The final gorgeous cookbook in our Asian collection from Tuttle Books is The Korean Table: From Barbecue to Bibimbap 100 Easy-To-Prepare Recipes by Taekyung Chung and Debra Samuels. It’s full-color, glossy, hardcover book with 100 recipes to get you started cooking Korean.
My last apartment in Chicago was located in aPolish neighborhood, but there was also a Korean enclave nearby, so we had a lot of bibimbap in my last year there. Sooo delicious. But like most Asian food, it was a mystery to me. What I love about these cookbooks from Tuttle is that they’re clearly designed for teaching. They always include detailed ingredients and tools lists, as well as step-by-step photos for unfamiliar processes. This one is no exception, and I would feel completely confident making these recipes. The authors are a fascinating pair, one Korean, one American, who met in Japan, moved away, both came back, and reconnected. The modernized recipes are full of fresh ingredients, and the book was photographed in the U.S. with ingredients available here. (Note that I used a funky filter on the photos, the book is not covered in green specks!)
Layout and design:
The large format allows for plenty of white space, giving the recipes and photos room to breathe. A sans serif font is used throughout, but is heavy enough to read. The book begins with the story of how the book came to be (worth reading!), an introduction to Korean food, and an ingredients primer.

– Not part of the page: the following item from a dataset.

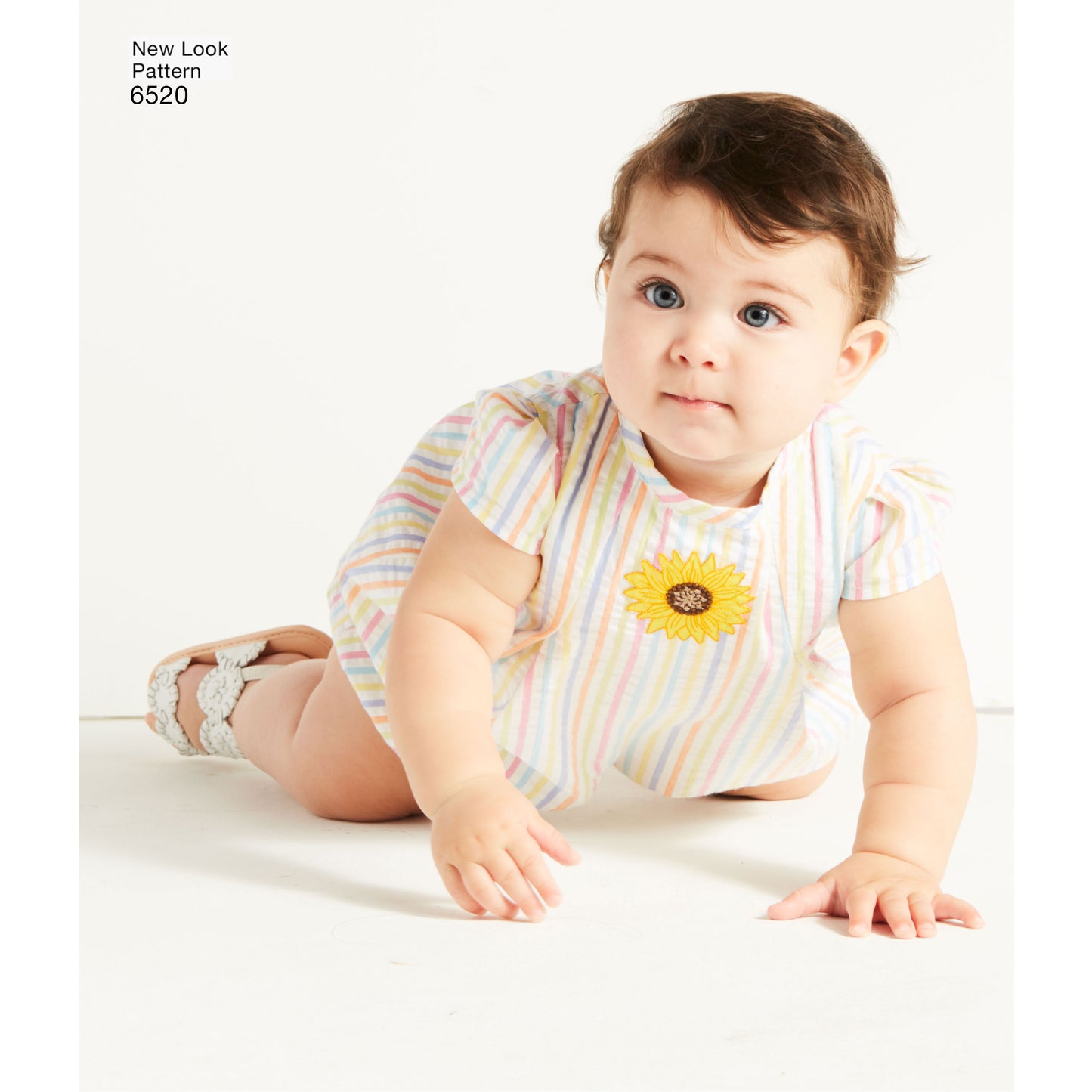 Symønster New Look 6520 - Kjole Bukser - Baby | Billede 4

Chapters include: The Basics, Starters & Snacks, Salads Kimchi & Sides, Soups & Hot Pots, Meat & Poultry, Fish & Seafood, Vegetables & Tofu, Rice & Noodles, Desserts & Drinks.

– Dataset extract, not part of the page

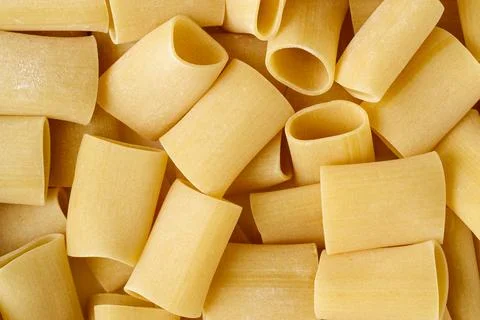 Pasta as background Stock Photos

There are so many I would try, including pine nut mustard dressing, seafood and green onion pancakes, cucumber kimchi, egg custard beef soup, Korean hot wings, braised tofu, and fig compote with cinnamon and ginger.
What I liked about the book:
I wasn’t so keen on:
Recipes were not coded for special diets; nutritional analysis is not provided, which would be helpful for low-sodium eaters.
Anyone wanting to learn about Korean food.
Not recommended for:
Migraine sufferers, low-sodium, gluten-free diets. Limited vegetarian and vegan options.
A note about my cookbook reviews: In the past, I tested at least three recipes from each book, took photos, and described my experience. Due to my dietary limitations (extremely-low-sodium for my Meniere’s Disease and trigger-free foods for migraine relief), it is no longer possible for me to test the recipes and do them justice.